[Records to use — start]
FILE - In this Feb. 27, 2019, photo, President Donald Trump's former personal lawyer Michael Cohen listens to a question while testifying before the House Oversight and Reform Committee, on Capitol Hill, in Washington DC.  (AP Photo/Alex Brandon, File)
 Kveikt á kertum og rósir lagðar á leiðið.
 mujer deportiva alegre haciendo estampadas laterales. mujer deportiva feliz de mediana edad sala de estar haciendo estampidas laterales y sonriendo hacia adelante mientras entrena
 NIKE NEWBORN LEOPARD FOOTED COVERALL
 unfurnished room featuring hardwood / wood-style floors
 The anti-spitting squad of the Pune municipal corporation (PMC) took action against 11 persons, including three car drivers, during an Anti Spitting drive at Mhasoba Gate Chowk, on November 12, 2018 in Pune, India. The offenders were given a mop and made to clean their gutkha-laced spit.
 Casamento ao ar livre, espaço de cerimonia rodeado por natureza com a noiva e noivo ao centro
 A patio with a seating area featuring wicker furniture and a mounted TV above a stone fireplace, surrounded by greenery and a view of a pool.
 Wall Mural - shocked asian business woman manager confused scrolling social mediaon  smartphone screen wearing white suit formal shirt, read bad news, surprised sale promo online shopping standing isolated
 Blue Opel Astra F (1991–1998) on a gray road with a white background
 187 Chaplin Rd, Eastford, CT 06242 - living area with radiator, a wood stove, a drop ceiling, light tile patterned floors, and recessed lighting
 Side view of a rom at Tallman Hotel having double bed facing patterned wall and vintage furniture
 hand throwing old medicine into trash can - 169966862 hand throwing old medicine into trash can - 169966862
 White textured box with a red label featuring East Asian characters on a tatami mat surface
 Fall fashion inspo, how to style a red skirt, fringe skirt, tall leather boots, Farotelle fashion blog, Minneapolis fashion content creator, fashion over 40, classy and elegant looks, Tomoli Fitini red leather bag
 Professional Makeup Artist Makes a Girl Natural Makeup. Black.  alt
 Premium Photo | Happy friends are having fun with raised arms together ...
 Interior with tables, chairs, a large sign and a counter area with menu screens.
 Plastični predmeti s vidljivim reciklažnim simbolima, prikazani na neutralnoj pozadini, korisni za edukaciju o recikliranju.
[Records to use — finish]
• Task description: With "Photo" as the string to find, copy every line of the records that holds it.

• Answer to this task:
FILE - In this Feb. 27, 2019, photo, President Donald Trump's former personal lawyer Michael Cohen listens to a question while testifying before the House Oversight and Reform Committee, on Capitol Hill, in Washington DC.  (AP Photo/Alex Brandon, File)
 Premium Photo | Happy friends are having fun with raised arms together ...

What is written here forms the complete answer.